- Written by: Bill Persky, Sam Denoff, Lee Mendelson, George Schlatter
- Directed by: Gordon Wiles
- Presented by: Carl Reiner
- Starring: Ken Berry, Jack Burns, Avery Schreiber
- Music by: John Scott Trotter
- Country of origin: United States

Production
- Producers: Lee Mendelson, George Schlatter
- Running time: 60 mins
- Production company: Lee Mendelson Film Productions

Original release
- Network: NBC
- Release: February 11, 1968

= The Fabulous Funnies =

1968 American television special

The Fabulous Funnies is a one-hour primetime network special that aired on NBC on February 11, 1968, hosted by Carl Reiner.
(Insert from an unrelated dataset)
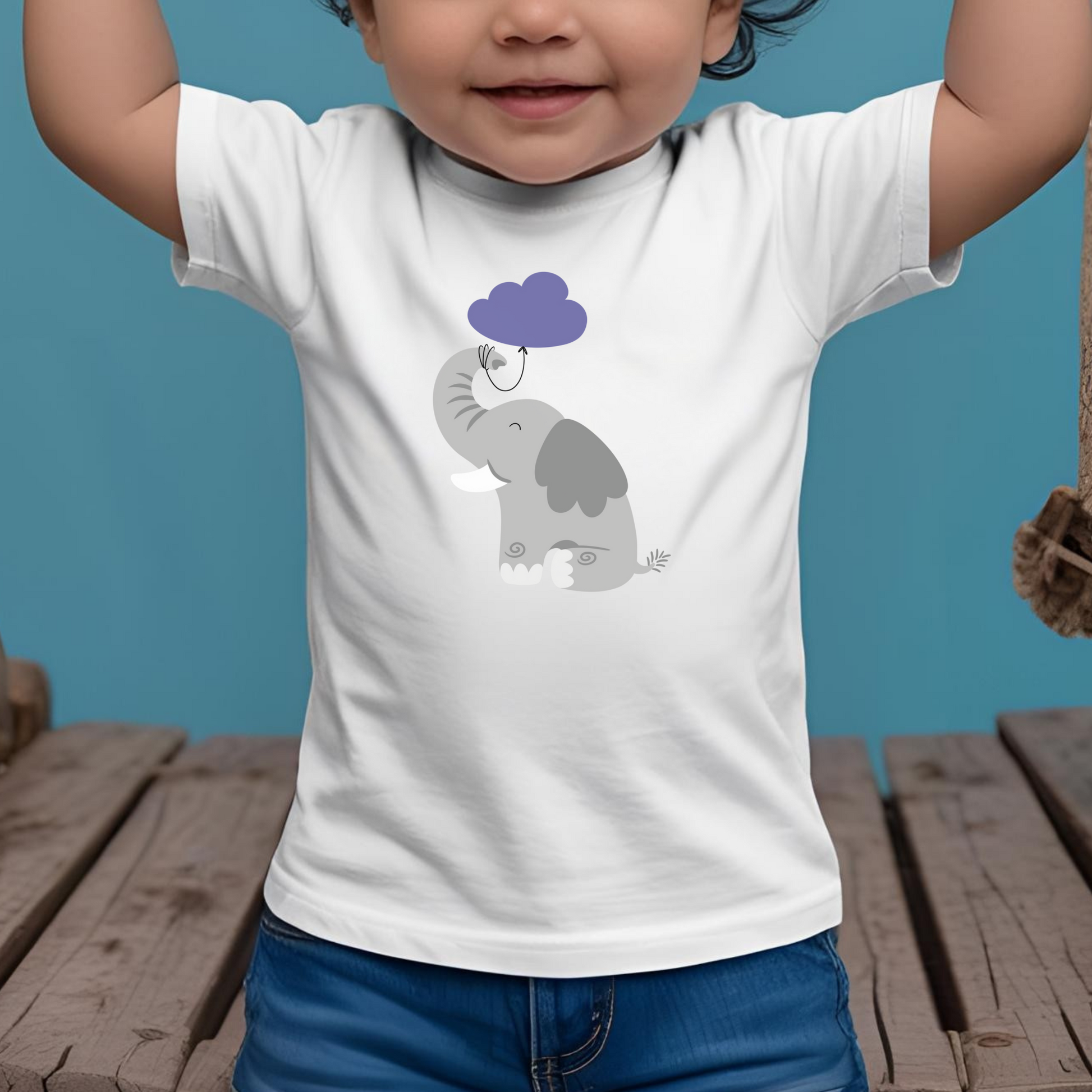 Toddler sentado en puente de madera con playera blanca con diseño de un elefante gris con globo de nube morada amarrada a su trompa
The show is a salute to American comic strips, and features interviews with cartoonists, including Rube Goldberg, Chester Gould, Chic Young, Milt Caniff, Al Capp and Charles Schulz.

In addition, the show includes songs that have been written about comic strips, performed by the Doodletown Pipers, the Royal Guardsmen and Ken Berry. Ken Berry sings a song from the Li'l Abner musical, and the Royal Guardsmen perform their hit single "Snoopy vs. the Red Baron". Other songs featured in the program include "Barney Google (With the Goo-Goo-Googly Eyes)" and "Little Chatterbox," inspired by Little Orphan Annie. The comedy team of Burns and Schreiber also perform a skit about people reading comic strips.

In one sequence, Reiner interacts with animated comic strip characters, leading production supervisor David Crommie to brag, "This is, perhaps, the most difficult show that has ever been done for television. Production began in January 1967, and continued until the end of the year. When you combine live action with animation, the impossible takes a lot longer!"

The show did very well in the ratings, reaching #7 for the week according to the Nielsen ratings, and garnered a follow-up a decade later. In an article about producer Lee Mendelson, comics historian Mark Evanier says, "The ratings were huge and the folks at CBS, for whom Lee was producing the Charlie Brown specials, said to him, "Why didn't you offer that special to us?" Lee replied, "I did. You didn't think it would do very well and passed so I sold it to NBC." The folks at CBS said, "Well... we want the next one." It was not until 1980 that Lee did the next one, which was called The Fantastic Funnies and yes, it was on CBS."

==Cartoonists==
The cartoonists featured in the special are:
- Dik Browne (Hi and Lois)
- Ernie Bushmiller (Nancy)
- Al Capp (Li'l Abner)
- Milt Caniff (Steve Canyon)
- Bob Dunn (They'll Do It Every Time)
- Hal Foster (Prince Valiant)
- Rube Goldberg (The Inventions of Professor Lucifer Gorganzola Butts)
- Chester Gould (Dick Tracy)
- Fred Lasswell (Barney Google and Snuffy Smith)
- Jerry Robinson (Still Life)
- Howie Schneider (Eek & Meek)
- Charles Schulz (Peanuts)
- Al Smith (Mutt and Jeff)
- Otto Soglow (The Little King)
- Leonard Starr (On Stage)

==Reception==
The next day's review in The New York Times was not kind, saying that the show "unfortunately turned out to be little more than a superficial look at one of the more interesting aspects of this country's kitsch culture. The producers were faced with an embarrassment of riches and did not know what to do with them. In attempting too much, the program did nothing well... Basically, the producers made the mistake of ignoring the strips themselves and leaving the viewer in the dark as to what, in fact, made them 'funnies.'"

Similarly, The Baltimore Sun said, "It was plain from the beginning that those who produced it — Lee Mendelson and George Schlatter — failed to understand the scope and significance of their subject... The producers wasted precious time in superfluous matters and lumped together various manifestations of the comics, such as their radio versions, their invasion of the theater, and their proliferation in movies and television... The worst was a song, "Snoopy and the Red Baron", played with childish monkey business by a rock 'n' roll group called the Royal Guardsmen. It must have made Charles Schulz's blood run cold."

On the other hand, the Ludington Daily News was enchanted with the show: "It was first cabin all the way, thanks in great measure to that gifted and civilized showman, Carl Reiner, who not only provided the link for the animated sequences, musical numbers, film clips and interviews with cartoonists — but set a new standard for video hosts as well. Despite the excellent organization and format of the show, it was the ubiquitous Reiner — participating in the animation, clowning, narrating with style and even singing "Little Orphan Annie" — who gave the hour its final touch of high gloss."